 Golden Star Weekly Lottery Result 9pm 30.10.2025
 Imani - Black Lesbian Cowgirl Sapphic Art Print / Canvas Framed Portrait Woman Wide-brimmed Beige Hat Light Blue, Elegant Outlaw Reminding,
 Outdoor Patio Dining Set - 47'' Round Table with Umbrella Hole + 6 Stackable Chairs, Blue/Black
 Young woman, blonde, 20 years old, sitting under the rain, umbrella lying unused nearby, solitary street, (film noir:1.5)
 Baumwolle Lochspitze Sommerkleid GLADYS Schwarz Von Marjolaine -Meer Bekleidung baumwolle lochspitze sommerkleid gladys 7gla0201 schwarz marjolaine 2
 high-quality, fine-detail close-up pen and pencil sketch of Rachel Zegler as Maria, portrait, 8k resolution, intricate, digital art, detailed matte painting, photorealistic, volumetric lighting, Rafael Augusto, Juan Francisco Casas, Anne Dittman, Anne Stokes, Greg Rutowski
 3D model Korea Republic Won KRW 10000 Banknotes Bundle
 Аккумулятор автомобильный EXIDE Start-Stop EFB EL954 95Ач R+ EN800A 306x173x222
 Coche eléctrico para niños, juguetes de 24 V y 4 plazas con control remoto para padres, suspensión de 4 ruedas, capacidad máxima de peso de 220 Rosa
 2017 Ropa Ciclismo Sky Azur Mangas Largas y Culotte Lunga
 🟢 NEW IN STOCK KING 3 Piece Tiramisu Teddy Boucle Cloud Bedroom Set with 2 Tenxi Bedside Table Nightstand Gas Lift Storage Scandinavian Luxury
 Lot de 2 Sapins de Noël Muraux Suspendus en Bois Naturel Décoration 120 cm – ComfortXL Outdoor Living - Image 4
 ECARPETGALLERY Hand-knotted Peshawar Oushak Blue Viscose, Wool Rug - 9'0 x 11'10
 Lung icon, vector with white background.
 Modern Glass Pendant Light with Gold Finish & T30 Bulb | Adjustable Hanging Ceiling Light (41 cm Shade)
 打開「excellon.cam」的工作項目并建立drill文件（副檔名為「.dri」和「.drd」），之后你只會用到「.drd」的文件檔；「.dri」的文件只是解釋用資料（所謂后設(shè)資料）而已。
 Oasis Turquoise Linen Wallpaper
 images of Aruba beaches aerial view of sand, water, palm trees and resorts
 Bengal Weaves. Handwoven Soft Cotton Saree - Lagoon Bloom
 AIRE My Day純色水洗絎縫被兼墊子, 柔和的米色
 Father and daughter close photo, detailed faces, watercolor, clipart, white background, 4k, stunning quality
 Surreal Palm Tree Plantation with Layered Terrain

=======

- _Task details_
Which lines of the data include the string "detailed"? Find them and copy each one.

- _Reply_
 high-quality, fine-detail close-up pen and pencil sketch of Rachel Zegler as Maria, portrait, 8k resolution, intricate, digital art, detailed matte painting, photorealistic, volumetric lighting, Rafael Augusto, Juan Francisco Casas, Anne Dittman, Anne Stokes, Greg Rutowski
 Father and daughter close photo, detailed faces, watercolor, clipart, white background, 4k, stunning quality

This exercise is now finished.